Technically, the pair should not retrace below the 35.6 level to maintain the uptrend without putting under question the breakout and the 36.30 level will now act as a resistance.

While the upcoming days will help determine whether this is a retracement within a new trend or a false breakout, it is noteworthy that this early pullback could be influenced by both the simultaneous decline of the Euro against the USD and by the alleged intervention in the forex market by Turkish authorities, who over the past week sold dollars to defend the Lira.

To better understand the market dynamics and their potential impact on the EUR/TRY pair, it is useful to consider some financial and macroeconomic factors.

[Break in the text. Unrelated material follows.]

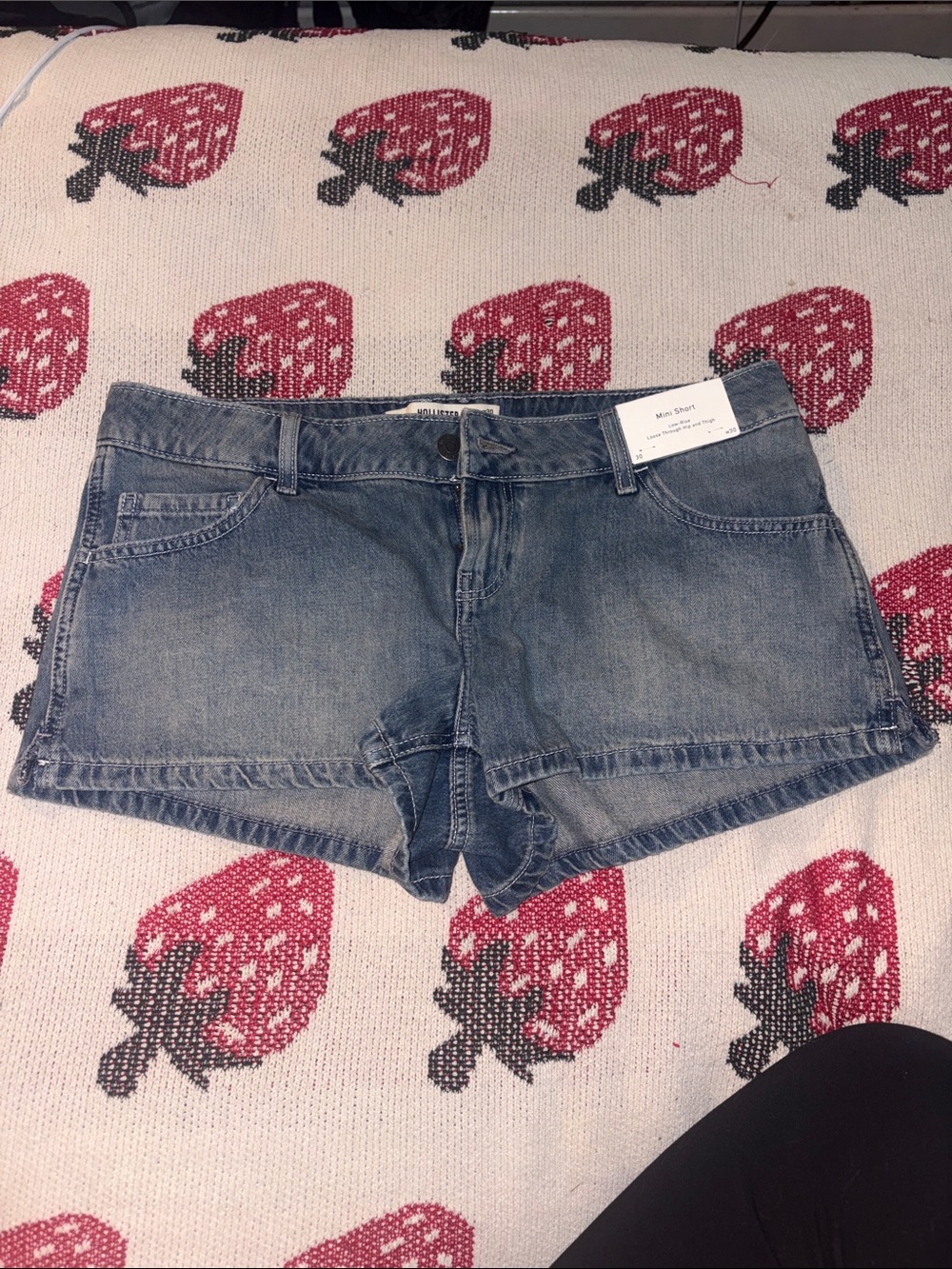 Hollister Women's Light Wash Denim Mini Shorts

While the Turkish Lira has fallen more than 10% against the Euro and the USD so far in 2024, due to Turkey's high inflation levels the Lira is actually appreciating in real terms. This real appreciation is hurting both exports and tourism, creating current account problems (Mustafa Gultepe, head of the Turkish Exporters’ Assembly, openly calls for further currency depreciation to restore competitiveness).

On the other hand, a combination of high interest rates and a relatively stable currency has made Turkey very attractive to foreign investors. They have poured billions of dollars into Turkish assets this year, according to Bank of America, taking advantage of high interest rates on bonds and the real appreciation of the Lira on real assets. At the same time, the Turkish Central Bank has capitalized on these international inflows in its efforts to rebuild national foreign currency reserves.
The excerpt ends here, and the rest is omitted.